Reader's View: Parents should take some blame on public education failures


July 28, 2013 

There are few subjects that have drawn more finger-pointing than public education. In Idaho, we recognize that there are shortcomings that need to be addressed. But it's generally a lot easier to simply blame someone for those shortcomings than to do whatever is necessary of address them.

So who is to blame? Is it the State Board of Education? Teachers? State Superintendent Tom Luna? The Legislature? The governor? The Idaho Education Association? The U.S. Department of Education? The Idaho Department of Education? No Child Left Behind? Local school boards? Voters? The students themselves? Or (gasp) the rumor of a core curriculum?

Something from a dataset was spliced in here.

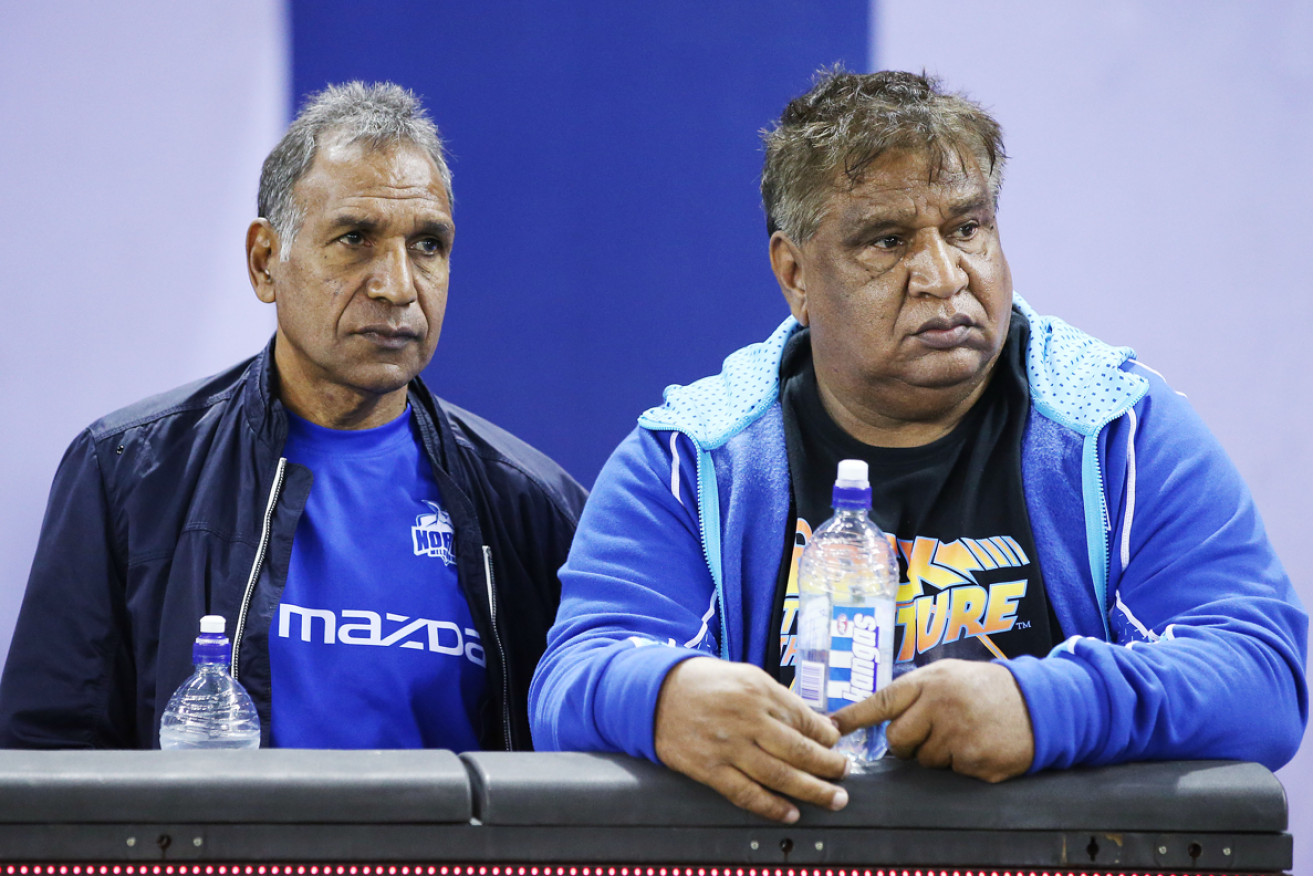 Veteran Phil Krakouer (r) says fellow Indigenous  players like brother Jim (l) bear lasting scars from their ordeal in the AFL.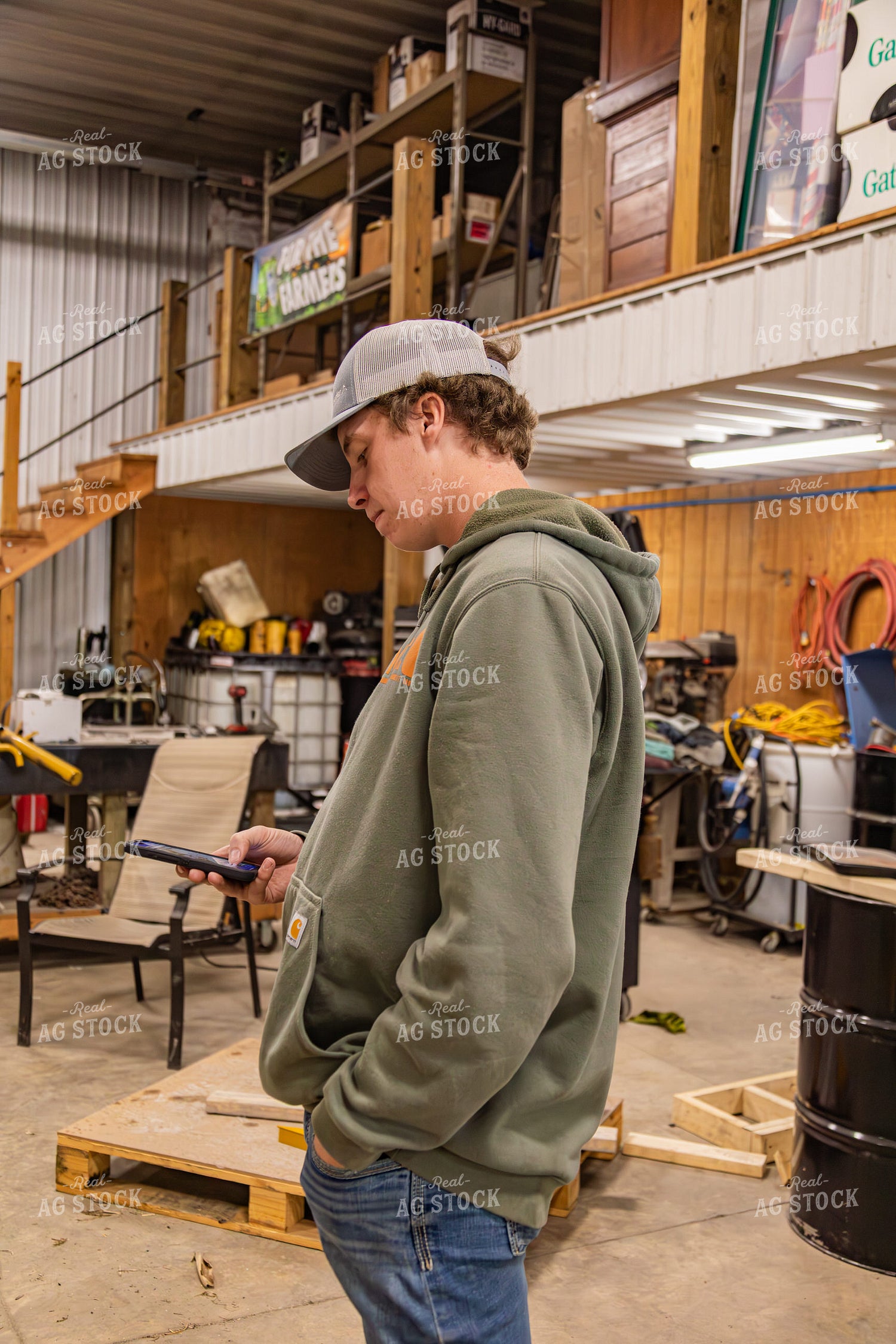 Farmer Using Phone in Shop 231119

It may be that in some way or another, each shares some of the blame. However, the party that actually deserves most of the blame is almost never mentioned.

Why is it that parents are rarely, if ever, made the targets of blame for shortcomings in our educational system? The truth is that parents, more than any of the other individuals or entities previously listed, are the root of the problem. It's not a matter of bad parenting. Rather, it's a matter of inattentive parenting and an assumption that schools, rather than parents, are responsible for educating our children.

The proof of this lies in the fact that students spend less than 15 percent of their time in school. For educational purposes, the time spent in schools is extremely important. But how about the remaining 85 percent of a child's time?

A study released last year by North Carolina State University, Brigham Young University and the University of California-Irvine found that parental involvement such as reading to your children, checking homework, attending school meetings and events, and simply talking to children about their school activities has a far greater impact on student's educational achievements than anything at the school they attend.

The truth is that the best educational tool for children that is available is simply to have parents spend time talking to their children. And that means having conversations that treat children as though they are intelligent adults. Unfortunately, in the computer age it is far easier to simply allow children to waste away their time in front of the TV or playing computer games.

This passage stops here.